[M]any people — including, evidently, the president of the United States — wonder whether the alliance still has a purpose.
It does. It remains the most successful military alliance in history, the anchor of an American-led and American-financed peace that fostered Western prosperity and prevented new world wars. No one has proposed anything credible to improve upon it. But as the allies gather in Brussels this week for their annual meeting, many are wondering whether the American president is intent on wrecking it.
Born after World War II, NATO linked America and Europe not just in a mutual defense pledge but in advancing democratic governance, the rule of law, civil and human rights, and an increasingly open international economy….
Across seven decades NATO has invoked its Article 5 mutual defense commitment only once: to rally to the defense of the United States after the attacks of 9/11. Even today, the armed forces of 39 countries are serving, and sometimes dying, with American troops in Afghanistan.
More than 70 (NATO and non-NATO) countries are part of the U.S.-led fight against the Islamic State; two dozen countries have joined a global counterterrorism initiative.
In short, NATO remains central to major American national security initiatives in a world shaken by the rise of an increasingly assertive China, the expansion of competing power centers from India to Saudi Arabia, the surge of migration from the Middle East and Africa and the dislocations caused by globalization.
Yet NATO is being weakened from within — by members’ failure to spend enough on defense; by the rise of nationalism and authoritarianism, especially in Turkey, Hungary and Poland; and perhaps most of all, by President Trump, who seems to prefer President Vladimir Putin of Russia to America’s European allies.

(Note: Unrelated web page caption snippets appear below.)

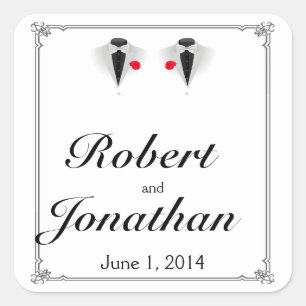 Sticker Carré Sceau Mariage Gay Tuxedos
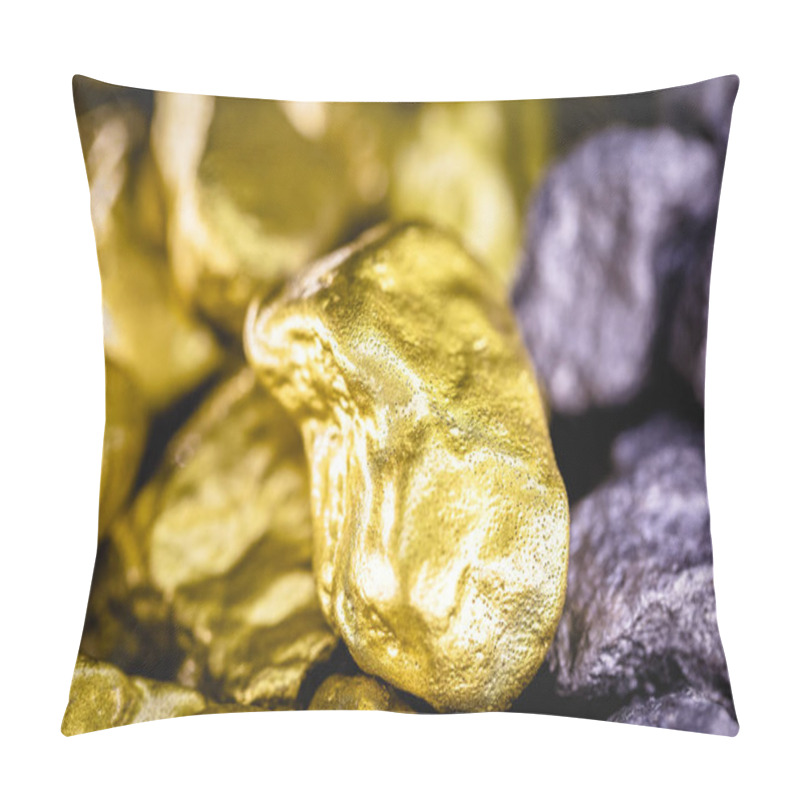 Personality  Stones Of Gold And Silver Gross, Mineral Extraction Of Gold And Silver. Concept Of Luxury And Wealth. Pillow Covers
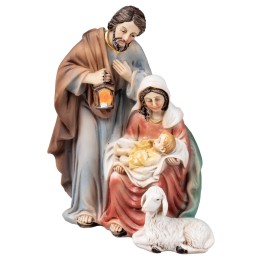 Nativity in resin with lamb cm 7x3.5x9.5 h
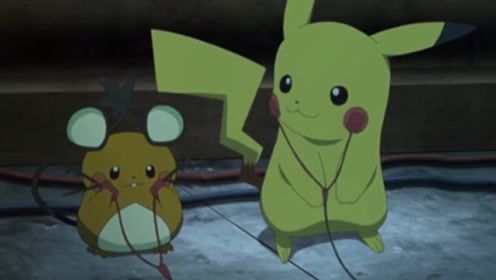 好可爱,咚咚鼠和皮卡丘一起发电,电力设施恢复正常了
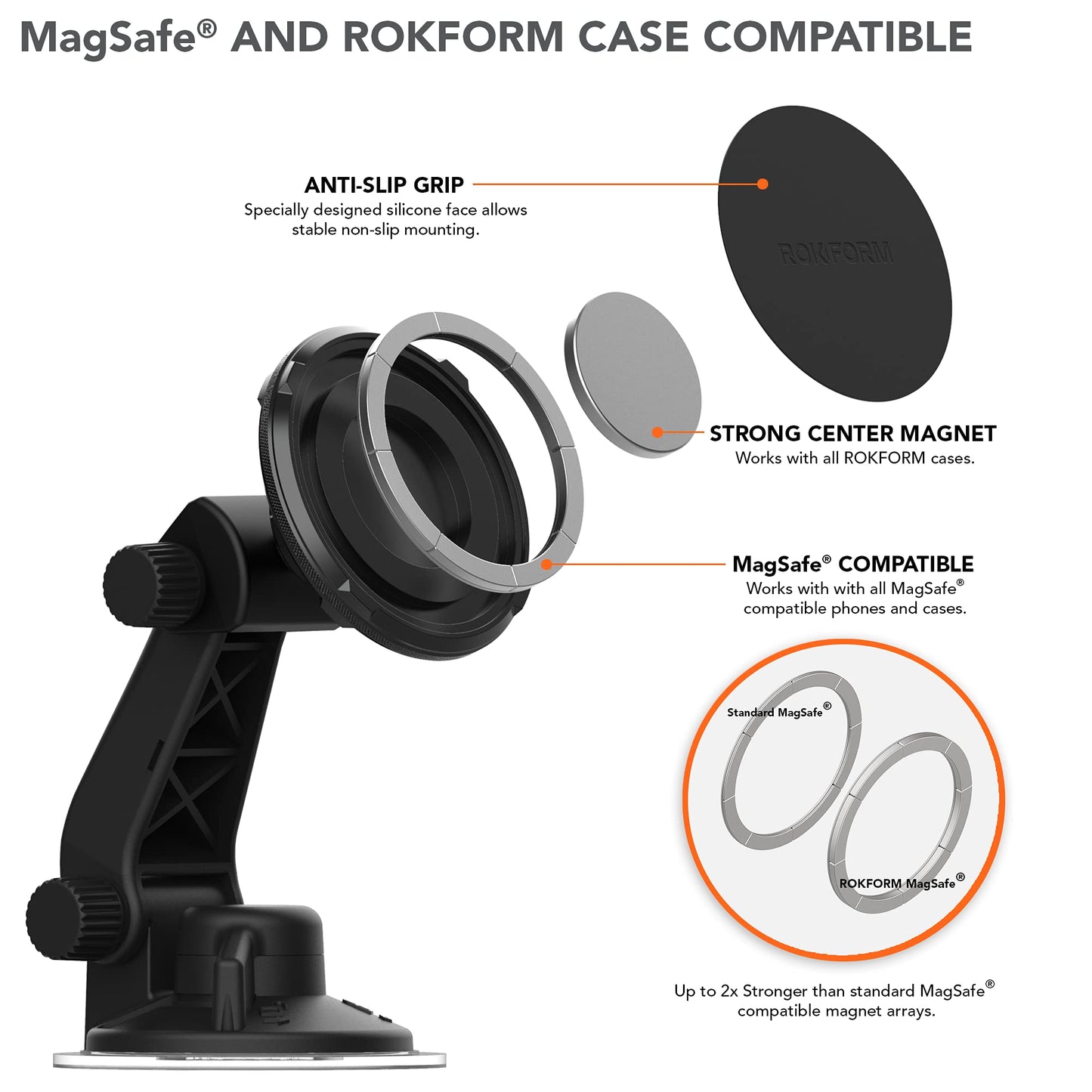 ROKFORM - Adjustable Magnetic Windshield Phone Holder, Compatible with MagSafe Phone Cases and Cases, Strong Suction Cup, 210° Tilt, 360° Rotation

NATO has always depended on leadership from the United States, the world’s biggest economy and most lethal military power. Mr. Trump not only doesn’t want to lead the West, he has denigrated the alliance, bullied its leaders and accused NATO and the European Union of exploiting American largess….
Mr. Trump is burning up all the credit the United States has accrued with our allies across decades by attacking the basis of this alliance, if not the very idea of any alliance — thus, deliberately or not, doing the bidding of Mr. Putin in his quest to divide the West.
“NATO can withstand four years under Trump,” one former NATO ambassador said in an interview. “I don’t think we’ll withstand eight….”
At this week’s gathering, the result that matters most is a firm and convincing commitment to a strong NATO, ready to contribute to stability today, and to adapt to future challenges. With no coherent vision of his own to make Americans, and democracy generally, more secure in a world without NATO, Mr. Trump would do well to make that commitment, and honor the friends we have.